Skip to main content
Pronunciation dictionaries let you specify how to pronounce specific words and phrases. Try out the pronunciation tool on our demo page. A dictionary is a simple search and replace, which directs the model to use another string in lieu of the text from the transcript. The pronunciation can be either an IPA pronunciation or a “sounds-like” guidance:
[
  {
    "text": "bayou",
    "pronunciation": "<<ˈ|b|ɑ|ˈ|j|u>>"
  },
  {
    "text": "jambalaya",
    "pronunciation": "<<ˈ|dʒ|ə|m|ˈ|b|ə|ˈ|l|aɪ|ˈ|ə>>"
  },
  {
    "text": "tchoupitoulas",
    "pronunciation": "chop-uh-TOO-liss"
  }
]
Save these JSONs as pronunciation dictionaries through our API or through our playground: image.png Once a dictionary is created, use it in any TTS API by passing its id as pronunciation_dict_id. With the dictionary above, the string I ate some jambalaya on tchoupitoulas street becomes I ate some <<ˈ|dʒ|ə|m|ˈ|b|ə|ˈ|l|aɪ|ˈ|ə>> on chop-uh-TOO-liss street before being handed off to the model.

Case Sensitivity

Dictionary matching is case-sensitive, with one exception: a lowercase entry also matches its sentence-start capitalized form. For example, cat matches both cat and Cat, but not CAT. An entry for CAT only matches CAT. This applies to multi-word entries too.
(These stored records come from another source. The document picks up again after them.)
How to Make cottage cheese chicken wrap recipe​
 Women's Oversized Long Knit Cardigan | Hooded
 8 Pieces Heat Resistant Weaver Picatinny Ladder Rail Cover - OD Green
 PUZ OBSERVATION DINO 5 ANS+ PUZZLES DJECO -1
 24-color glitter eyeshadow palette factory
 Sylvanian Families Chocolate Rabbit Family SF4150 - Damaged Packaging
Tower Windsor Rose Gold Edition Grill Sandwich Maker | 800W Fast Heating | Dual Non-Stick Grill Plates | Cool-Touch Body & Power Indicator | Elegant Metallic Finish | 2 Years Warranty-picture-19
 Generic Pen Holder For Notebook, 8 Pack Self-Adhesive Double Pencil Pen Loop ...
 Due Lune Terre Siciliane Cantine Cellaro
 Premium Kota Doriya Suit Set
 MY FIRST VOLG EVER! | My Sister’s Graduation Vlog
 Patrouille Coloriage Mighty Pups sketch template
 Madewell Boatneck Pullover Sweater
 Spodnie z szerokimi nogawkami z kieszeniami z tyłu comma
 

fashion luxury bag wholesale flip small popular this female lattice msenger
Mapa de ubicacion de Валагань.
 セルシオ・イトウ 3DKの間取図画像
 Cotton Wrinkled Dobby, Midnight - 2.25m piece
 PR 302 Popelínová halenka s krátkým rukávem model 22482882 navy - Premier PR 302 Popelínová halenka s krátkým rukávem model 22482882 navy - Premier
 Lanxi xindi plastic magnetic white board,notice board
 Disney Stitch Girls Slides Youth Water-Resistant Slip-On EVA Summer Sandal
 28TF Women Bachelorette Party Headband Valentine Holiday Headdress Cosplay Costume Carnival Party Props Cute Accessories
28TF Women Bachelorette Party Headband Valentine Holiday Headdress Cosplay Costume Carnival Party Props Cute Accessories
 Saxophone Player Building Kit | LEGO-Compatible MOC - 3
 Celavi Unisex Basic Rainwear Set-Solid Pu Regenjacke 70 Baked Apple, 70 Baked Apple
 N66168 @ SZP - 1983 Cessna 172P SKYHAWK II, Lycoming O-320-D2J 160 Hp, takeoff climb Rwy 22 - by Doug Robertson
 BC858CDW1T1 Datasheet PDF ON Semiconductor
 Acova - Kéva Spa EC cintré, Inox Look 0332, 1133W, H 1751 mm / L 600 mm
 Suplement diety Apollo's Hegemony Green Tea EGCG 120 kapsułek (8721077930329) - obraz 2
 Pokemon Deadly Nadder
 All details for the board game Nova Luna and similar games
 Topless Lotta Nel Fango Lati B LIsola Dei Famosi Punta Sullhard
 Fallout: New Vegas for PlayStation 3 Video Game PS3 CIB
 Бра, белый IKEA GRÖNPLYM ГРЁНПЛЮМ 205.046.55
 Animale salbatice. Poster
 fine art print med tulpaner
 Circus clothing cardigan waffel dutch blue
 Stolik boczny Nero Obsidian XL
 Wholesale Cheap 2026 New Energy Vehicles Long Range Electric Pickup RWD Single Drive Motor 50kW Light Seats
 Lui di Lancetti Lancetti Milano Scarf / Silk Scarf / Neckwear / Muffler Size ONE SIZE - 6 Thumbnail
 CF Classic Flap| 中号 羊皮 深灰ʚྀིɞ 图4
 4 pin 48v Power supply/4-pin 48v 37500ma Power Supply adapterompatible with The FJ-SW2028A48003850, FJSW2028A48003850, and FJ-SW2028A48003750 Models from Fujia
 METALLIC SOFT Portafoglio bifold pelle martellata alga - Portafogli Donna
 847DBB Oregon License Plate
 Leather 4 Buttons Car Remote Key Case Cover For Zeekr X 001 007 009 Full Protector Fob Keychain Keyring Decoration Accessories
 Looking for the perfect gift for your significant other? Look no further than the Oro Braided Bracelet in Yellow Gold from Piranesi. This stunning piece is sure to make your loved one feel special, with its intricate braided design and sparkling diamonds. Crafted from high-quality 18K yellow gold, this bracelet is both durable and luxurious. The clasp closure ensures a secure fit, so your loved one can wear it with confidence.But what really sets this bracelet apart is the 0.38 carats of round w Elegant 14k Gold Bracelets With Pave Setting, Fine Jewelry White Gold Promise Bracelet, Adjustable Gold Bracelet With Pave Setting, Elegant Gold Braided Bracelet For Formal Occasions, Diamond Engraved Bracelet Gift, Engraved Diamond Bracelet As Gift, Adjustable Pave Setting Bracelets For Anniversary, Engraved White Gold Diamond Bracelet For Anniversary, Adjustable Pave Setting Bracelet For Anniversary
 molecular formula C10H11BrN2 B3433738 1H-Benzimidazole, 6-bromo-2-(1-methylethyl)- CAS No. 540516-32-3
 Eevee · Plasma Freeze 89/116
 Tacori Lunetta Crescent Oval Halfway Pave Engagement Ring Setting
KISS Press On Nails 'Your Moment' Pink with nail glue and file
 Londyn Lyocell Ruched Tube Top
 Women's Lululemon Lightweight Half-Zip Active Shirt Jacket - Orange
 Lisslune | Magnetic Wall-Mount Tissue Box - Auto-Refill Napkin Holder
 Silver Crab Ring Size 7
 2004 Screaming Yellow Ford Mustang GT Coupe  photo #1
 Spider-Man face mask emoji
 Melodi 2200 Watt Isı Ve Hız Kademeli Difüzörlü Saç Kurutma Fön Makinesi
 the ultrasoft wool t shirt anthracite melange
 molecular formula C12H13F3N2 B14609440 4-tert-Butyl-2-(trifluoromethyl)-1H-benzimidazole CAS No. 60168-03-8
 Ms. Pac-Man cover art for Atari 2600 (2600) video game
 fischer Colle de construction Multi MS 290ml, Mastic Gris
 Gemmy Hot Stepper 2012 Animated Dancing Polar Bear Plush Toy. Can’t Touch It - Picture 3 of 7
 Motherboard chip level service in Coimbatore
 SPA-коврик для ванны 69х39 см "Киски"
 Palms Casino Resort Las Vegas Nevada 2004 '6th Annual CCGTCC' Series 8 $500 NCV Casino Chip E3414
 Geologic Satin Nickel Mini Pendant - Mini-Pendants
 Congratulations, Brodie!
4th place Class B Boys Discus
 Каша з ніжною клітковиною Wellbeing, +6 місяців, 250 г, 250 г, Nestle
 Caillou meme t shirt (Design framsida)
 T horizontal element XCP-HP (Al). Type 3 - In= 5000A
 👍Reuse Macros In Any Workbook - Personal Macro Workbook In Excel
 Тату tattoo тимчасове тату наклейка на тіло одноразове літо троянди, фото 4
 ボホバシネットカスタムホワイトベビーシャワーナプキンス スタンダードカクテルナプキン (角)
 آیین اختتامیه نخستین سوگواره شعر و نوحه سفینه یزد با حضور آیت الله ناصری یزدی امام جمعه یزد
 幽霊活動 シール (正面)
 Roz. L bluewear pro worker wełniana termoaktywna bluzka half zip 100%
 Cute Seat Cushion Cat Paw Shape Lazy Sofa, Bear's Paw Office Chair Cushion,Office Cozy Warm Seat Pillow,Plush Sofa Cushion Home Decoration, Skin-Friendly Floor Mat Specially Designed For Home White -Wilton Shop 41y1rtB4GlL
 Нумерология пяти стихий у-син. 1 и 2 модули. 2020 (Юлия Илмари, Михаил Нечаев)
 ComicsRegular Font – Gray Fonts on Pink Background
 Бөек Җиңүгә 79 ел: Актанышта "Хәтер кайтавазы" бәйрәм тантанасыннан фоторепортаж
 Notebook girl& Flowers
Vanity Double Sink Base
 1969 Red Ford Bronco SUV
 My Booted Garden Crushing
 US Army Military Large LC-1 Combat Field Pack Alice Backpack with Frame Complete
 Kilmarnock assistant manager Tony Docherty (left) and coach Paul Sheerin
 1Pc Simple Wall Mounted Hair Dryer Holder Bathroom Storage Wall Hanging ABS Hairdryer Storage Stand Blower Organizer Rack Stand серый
An entry for green valley matches green valley and Green valley, but not Green Valley. Use lowercase entries for common words. These match the word both mid-sentence (cat) and at the start of a sentence (Cat), covering the two most common positions. Use exact capitalization for proper nouns. A term like LaTeX should be entered as LaTeX so it doesn’t collide with a different pronunciation for the common word latex. For multi-word proper nouns, enter the exact casing as it appears in your transcripts — for example, Green Valley if the transcript capitalizes both words.